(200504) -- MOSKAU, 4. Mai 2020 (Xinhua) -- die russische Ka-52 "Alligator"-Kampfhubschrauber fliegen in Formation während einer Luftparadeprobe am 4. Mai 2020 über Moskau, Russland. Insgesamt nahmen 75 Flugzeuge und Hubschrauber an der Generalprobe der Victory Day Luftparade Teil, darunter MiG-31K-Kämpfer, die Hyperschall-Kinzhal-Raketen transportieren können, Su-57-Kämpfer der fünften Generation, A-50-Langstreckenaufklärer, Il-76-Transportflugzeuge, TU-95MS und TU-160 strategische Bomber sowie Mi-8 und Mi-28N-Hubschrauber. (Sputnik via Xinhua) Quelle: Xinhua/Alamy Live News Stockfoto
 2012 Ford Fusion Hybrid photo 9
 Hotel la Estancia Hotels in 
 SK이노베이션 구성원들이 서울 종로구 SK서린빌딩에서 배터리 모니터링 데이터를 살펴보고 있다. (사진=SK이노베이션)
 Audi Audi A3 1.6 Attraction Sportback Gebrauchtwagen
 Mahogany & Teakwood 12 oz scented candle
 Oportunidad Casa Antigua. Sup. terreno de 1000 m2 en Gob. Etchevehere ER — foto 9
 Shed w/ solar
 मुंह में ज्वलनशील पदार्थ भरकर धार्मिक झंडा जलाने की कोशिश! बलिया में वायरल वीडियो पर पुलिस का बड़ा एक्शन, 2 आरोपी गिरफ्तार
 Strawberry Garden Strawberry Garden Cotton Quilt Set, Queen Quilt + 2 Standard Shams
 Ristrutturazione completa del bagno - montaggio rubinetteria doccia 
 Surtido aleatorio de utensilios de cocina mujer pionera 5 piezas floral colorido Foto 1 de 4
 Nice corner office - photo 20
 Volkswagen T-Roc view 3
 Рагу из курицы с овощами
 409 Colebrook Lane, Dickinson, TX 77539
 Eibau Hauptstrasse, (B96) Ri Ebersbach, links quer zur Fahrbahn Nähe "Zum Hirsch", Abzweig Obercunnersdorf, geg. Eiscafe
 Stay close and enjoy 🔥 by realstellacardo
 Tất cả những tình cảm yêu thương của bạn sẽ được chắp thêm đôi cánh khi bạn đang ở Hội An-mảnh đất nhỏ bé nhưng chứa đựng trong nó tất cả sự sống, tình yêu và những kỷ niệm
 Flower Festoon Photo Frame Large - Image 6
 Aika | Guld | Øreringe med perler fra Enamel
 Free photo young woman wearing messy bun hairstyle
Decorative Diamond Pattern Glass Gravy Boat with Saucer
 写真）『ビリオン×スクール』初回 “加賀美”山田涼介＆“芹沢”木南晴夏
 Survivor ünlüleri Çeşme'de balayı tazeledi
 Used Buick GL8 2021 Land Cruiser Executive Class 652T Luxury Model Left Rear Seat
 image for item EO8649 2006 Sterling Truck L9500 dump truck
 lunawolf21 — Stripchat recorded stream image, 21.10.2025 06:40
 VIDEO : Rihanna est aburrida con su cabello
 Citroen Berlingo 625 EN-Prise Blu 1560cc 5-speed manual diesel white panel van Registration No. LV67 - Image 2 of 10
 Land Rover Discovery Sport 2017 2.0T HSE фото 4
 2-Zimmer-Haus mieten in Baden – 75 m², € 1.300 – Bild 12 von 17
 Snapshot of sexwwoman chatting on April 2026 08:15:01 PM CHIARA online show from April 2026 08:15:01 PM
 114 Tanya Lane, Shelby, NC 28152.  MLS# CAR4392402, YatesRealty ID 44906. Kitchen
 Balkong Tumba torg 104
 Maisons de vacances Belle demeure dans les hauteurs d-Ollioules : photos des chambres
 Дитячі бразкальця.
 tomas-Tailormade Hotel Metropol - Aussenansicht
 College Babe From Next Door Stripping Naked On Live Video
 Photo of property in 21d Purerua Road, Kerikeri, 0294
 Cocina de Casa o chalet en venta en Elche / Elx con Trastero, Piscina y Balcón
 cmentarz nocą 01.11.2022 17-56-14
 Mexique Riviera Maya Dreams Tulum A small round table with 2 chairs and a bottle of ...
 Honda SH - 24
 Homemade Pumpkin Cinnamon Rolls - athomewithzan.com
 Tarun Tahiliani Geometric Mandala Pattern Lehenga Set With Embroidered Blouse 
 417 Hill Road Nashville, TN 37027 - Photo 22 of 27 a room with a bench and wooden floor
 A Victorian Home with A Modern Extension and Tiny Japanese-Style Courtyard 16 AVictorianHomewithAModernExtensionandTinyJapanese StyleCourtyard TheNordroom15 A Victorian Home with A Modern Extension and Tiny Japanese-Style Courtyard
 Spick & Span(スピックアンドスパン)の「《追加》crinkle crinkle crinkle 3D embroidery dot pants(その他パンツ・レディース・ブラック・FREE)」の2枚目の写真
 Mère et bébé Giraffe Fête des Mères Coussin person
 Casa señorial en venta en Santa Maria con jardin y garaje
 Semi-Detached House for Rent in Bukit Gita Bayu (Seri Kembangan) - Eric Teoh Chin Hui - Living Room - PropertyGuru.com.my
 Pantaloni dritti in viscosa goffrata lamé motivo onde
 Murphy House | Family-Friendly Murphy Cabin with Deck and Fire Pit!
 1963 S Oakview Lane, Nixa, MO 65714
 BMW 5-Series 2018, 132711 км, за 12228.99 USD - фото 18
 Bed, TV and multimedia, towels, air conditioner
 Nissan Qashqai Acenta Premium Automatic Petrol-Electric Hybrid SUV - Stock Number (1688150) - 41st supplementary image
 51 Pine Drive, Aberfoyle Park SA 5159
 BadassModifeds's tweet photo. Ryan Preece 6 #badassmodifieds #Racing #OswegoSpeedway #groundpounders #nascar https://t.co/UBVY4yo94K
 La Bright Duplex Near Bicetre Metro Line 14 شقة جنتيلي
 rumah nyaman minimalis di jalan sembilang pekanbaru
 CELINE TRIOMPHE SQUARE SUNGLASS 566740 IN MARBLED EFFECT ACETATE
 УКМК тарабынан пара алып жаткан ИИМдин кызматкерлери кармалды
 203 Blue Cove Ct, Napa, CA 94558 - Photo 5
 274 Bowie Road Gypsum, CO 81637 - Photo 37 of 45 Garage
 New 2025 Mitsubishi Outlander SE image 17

Your assignment → An exact copy of the lines above, from the one containing "51 Pine Drive, Aberfoyle Park SA 5159" down to the one containing "rumah nyaman minimalis" and including both, is the whole answer; retype it and nothing else.

Answer box →
 51 Pine Drive, Aberfoyle Park SA 5159
 BadassModifeds's tweet photo. Ryan Preece 6 #badassmodifieds #Racing #OswegoSpeedway #groundpounders #nascar https://t.co/UBVY4yo94K
 La Bright Duplex Near Bicetre Metro Line 14 شقة جنتيلي
 rumah nyaman minimalis di jalan sembilang pekanbaru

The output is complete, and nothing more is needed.